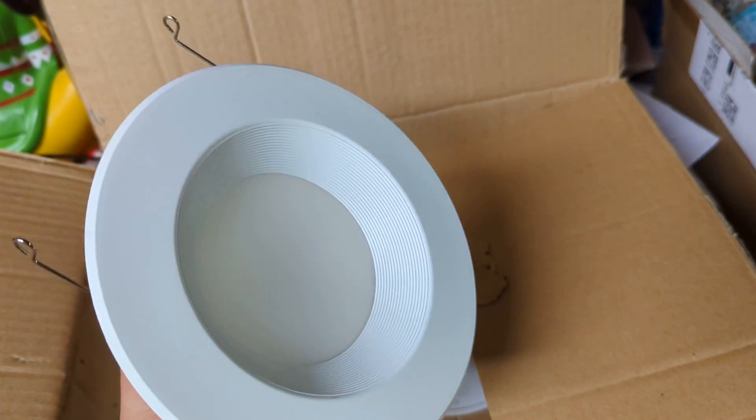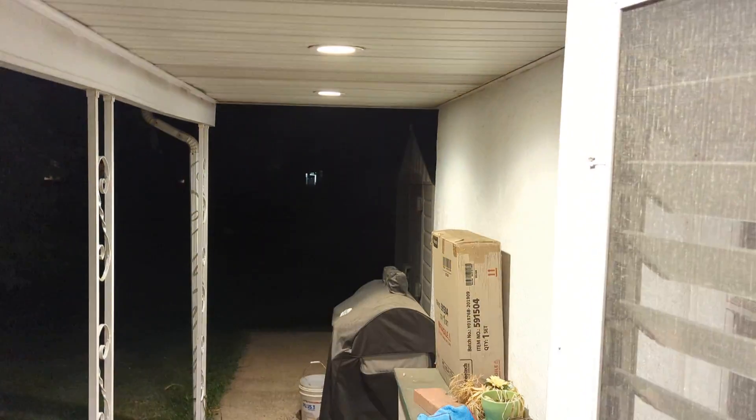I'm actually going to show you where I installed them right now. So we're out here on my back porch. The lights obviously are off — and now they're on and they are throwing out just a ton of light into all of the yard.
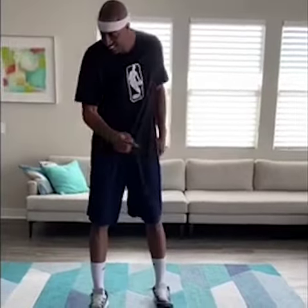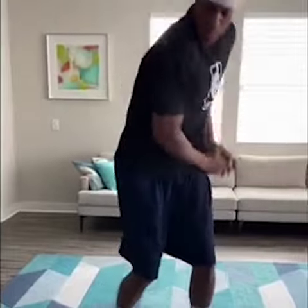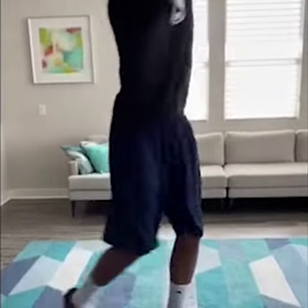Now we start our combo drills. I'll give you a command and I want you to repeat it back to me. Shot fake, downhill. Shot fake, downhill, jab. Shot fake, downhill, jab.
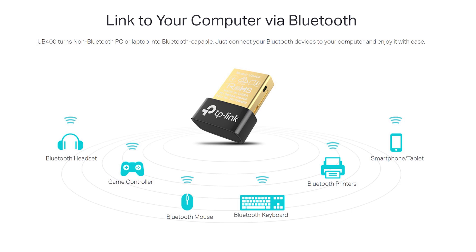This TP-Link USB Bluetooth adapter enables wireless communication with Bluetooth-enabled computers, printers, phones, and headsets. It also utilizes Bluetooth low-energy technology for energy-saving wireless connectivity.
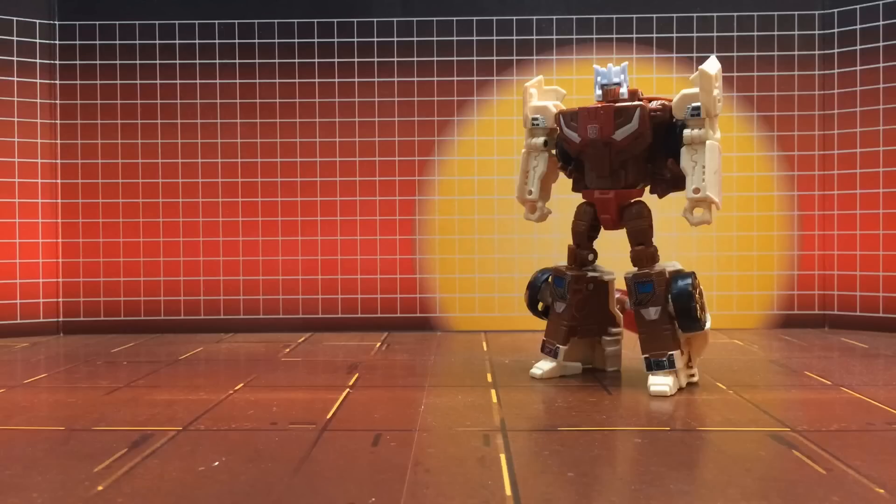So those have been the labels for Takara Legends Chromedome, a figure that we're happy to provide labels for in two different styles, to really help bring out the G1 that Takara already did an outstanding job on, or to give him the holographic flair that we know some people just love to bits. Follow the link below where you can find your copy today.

§ What to work on: In the listing above, find the line with "Now we start" and the line with "This TP-Link USB". Copy exactly those lines and all between them, minus the images.

§ Reply to the task:
Now we start our combo drills. I'll give you a command and I want you to repeat it back to me. Shot fake, downhill. Shot fake, downhill, jab. Shot fake, downhill, jab.
This TP-Link USB Bluetooth adapter enables wireless communication with Bluetooth-enabled computers, printers, phones, and headsets. It also utilizes Bluetooth low-energy technology for energy-saving wireless connectivity.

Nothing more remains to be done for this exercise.